There used to be an advert for Cadbury’s Creme Eggs with the strapline ‘How do you eat yours?’ A similar question applies to collections of short stories – do you start at the beginning and read through in order, or dip in? I decided to read this collection of new Welsh fiction sequentially, and the first story, ‘Onwards’ by Cardiff-born Dan Tyte, is a great opener: taking you on a perambulation through a city, laying out its geography securely, offering the prospect of many adventures. At the other end of the collection, Susmita Bhattacharya’s epistolary story – told from the point of view of an incomer for whom Cardiff becomes a very confusing place – is a beautiful conclusion to the range of experiences portrayed in this book. In between lies much to enjoy, albeit without forming a coherent whole or stretching the boundaries of the short story form.

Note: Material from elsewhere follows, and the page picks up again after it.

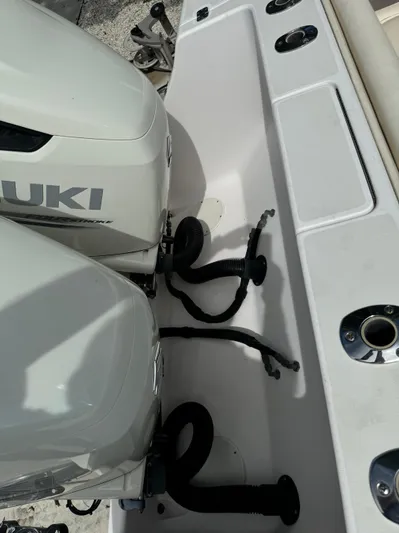  Yacht Photos Pics 2001 Intrepid 327 Center Console with Suzuki outboard engines, showing engine connections.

There are well-known names in the collection, notably Rachel Trezise, whose story ‘Holiday of a Lifetime’ is taken from her collection Cosmic Latte published by Parthian in 2013. The main character in this story is a pistol-shaped cigarette lighter ‘big as tomorrow’. The story is firmly rooted in Wales, though the confusions of language are, interestingly, all about English.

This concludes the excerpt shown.